Pro wrestling legend Hulk Hogan dies at 71

Published July 25, 2025
HULK Hogan at the Republican convention in Milwaukee, Wisconsin, on July 18 last year.—Reuters
HULK Hogan at the Republican convention in Milwaukee, Wisconsin, on July 18 last year.—Reuters

Hulk Hogan, the American sports and entertainment star who made professional wrestling a global phenomenon and loudly supported Donald Trump for president, has died at the age of 71, World Wrestling Entertainment said on Thursday.

“WWE is saddened to learn WWE Hall of Famer Hulk Hogan has passed away. One of pop culture’s most recognisable figures, Hogan helped WWE achieve global recognition in the 1980s,” WWE said on X. It gave no cause of death.

The bleach-blond, mahogany-tanned behemoth became the face of professional wrestling in the 1980s, helping transform the mock combat from a seedy spectacle into family-friendly entertainment worth billions of dollars.

A key moment in that evolution came at the WrestleMania III extravaganza in 1987, when Hogan hoisted fellow wrestler Andr the Giant before a sold-out Pontiac Silverdome in Michigan for a thunderous body slam of the Frenchman.

Hogan parlayed his wrestling fame into a less successful career in Hollywood, starring in films like Rocky III and Santa With Muscles, but kept returning to the ring as long as his body would allow.

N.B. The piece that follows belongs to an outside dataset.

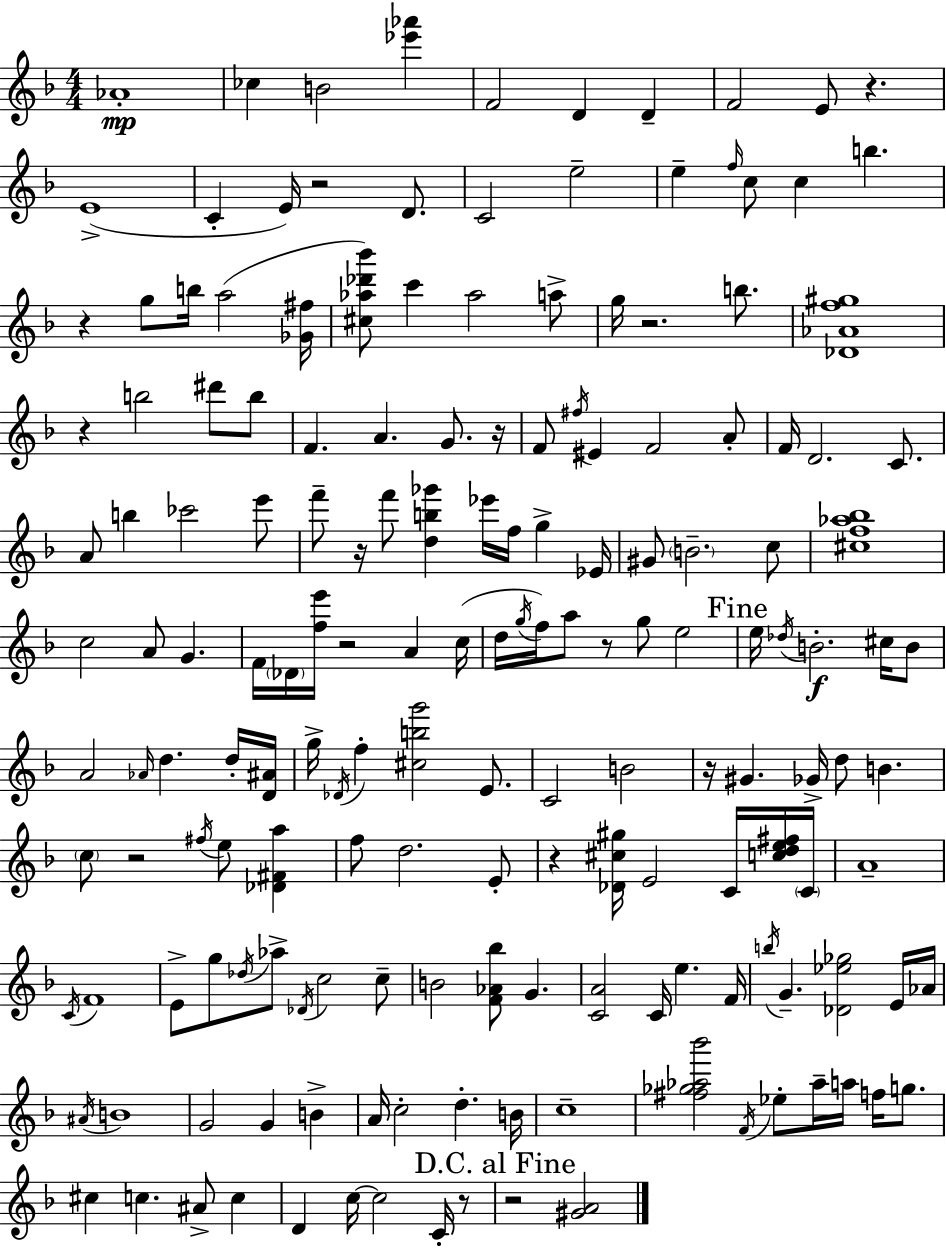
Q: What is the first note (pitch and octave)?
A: Ab4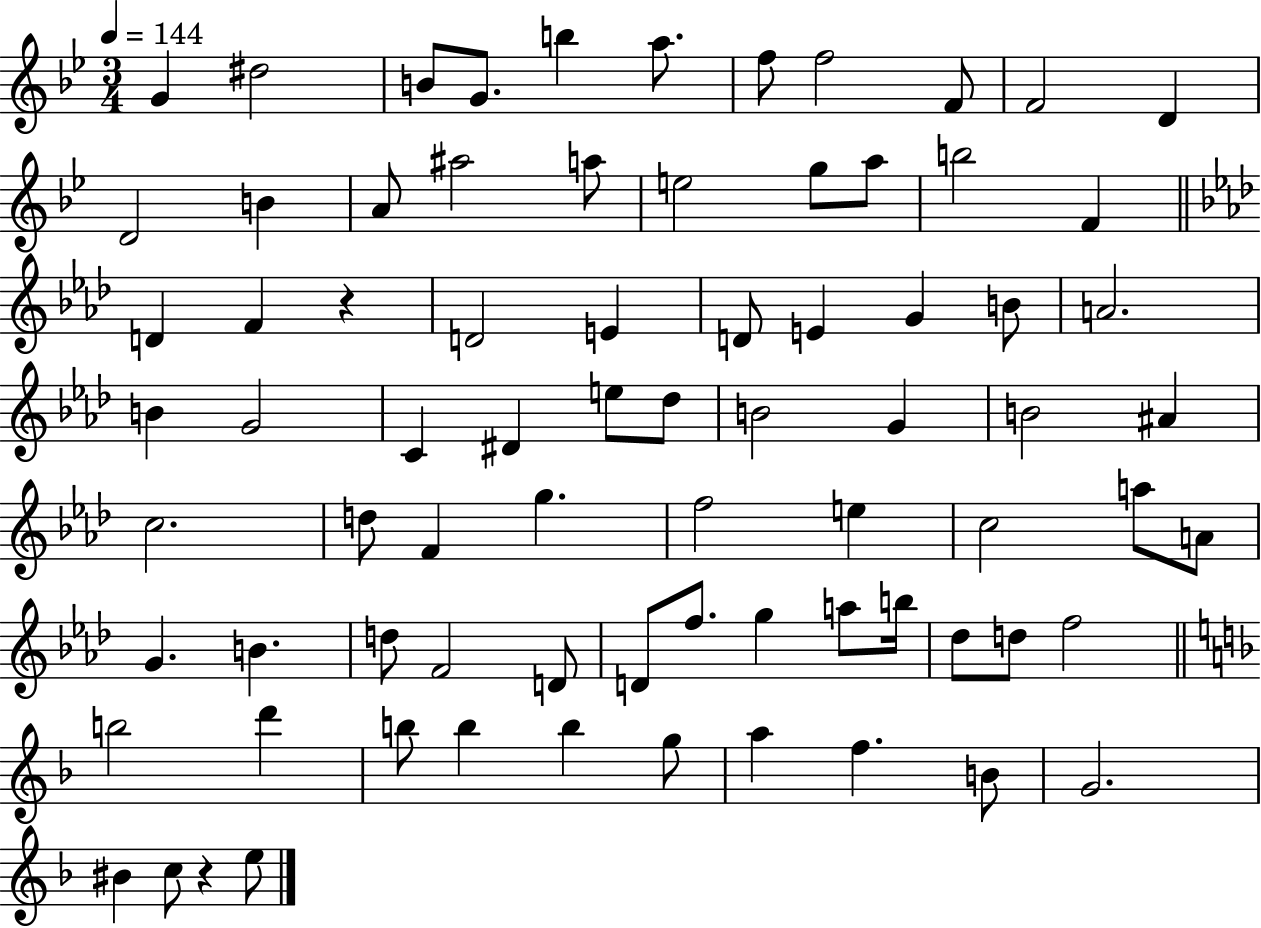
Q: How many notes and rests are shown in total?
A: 77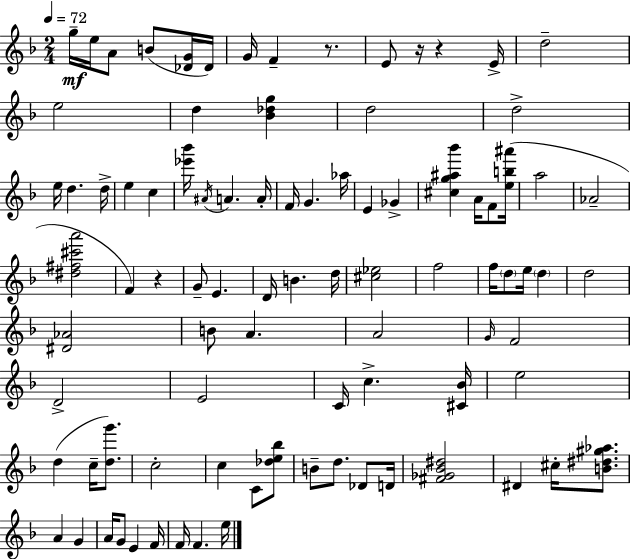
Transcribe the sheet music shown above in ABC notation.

In 2024, he appeared at the Republican National Convention to endorse the presidential bid of Trump, who in the 1980s had played host to Hulk-headlined WrestleManias. Hogan said he made the decision to support the Republican candidate after seeing his combative, fist-pumping reaction to an attempted assassination on the campaign trail.

“Let Trumpamania run wild, brother!” Hogan bellowed to a cheering crowd, ripping off his shirt to reveal a Trump tank top. “Let Trumpamania rule again!”

Becoming ‘Hulk’

Born Terry Gene Bollea in Augusta, Georgia, on Aug 11, 1953, the future Hulk and his family soon moved to the Tampa, Florida area. After high school, he played bass guitar for area rock bands, but felt a pull to the red-hot wrestling scene in Florida in the 1970s.

Many of the details of his career were showbusiness exaggerations, representative of the blurred lines between fact and fiction in wrestling. His first trainer reportedly broke Hogan’s leg to dissuade him from entering the business, but he kept at wrestling, weight training, and — he later admitted — anabolic steroids. He gained in notoriety as his biceps turned into what he dubbed the “24-inch pythons.”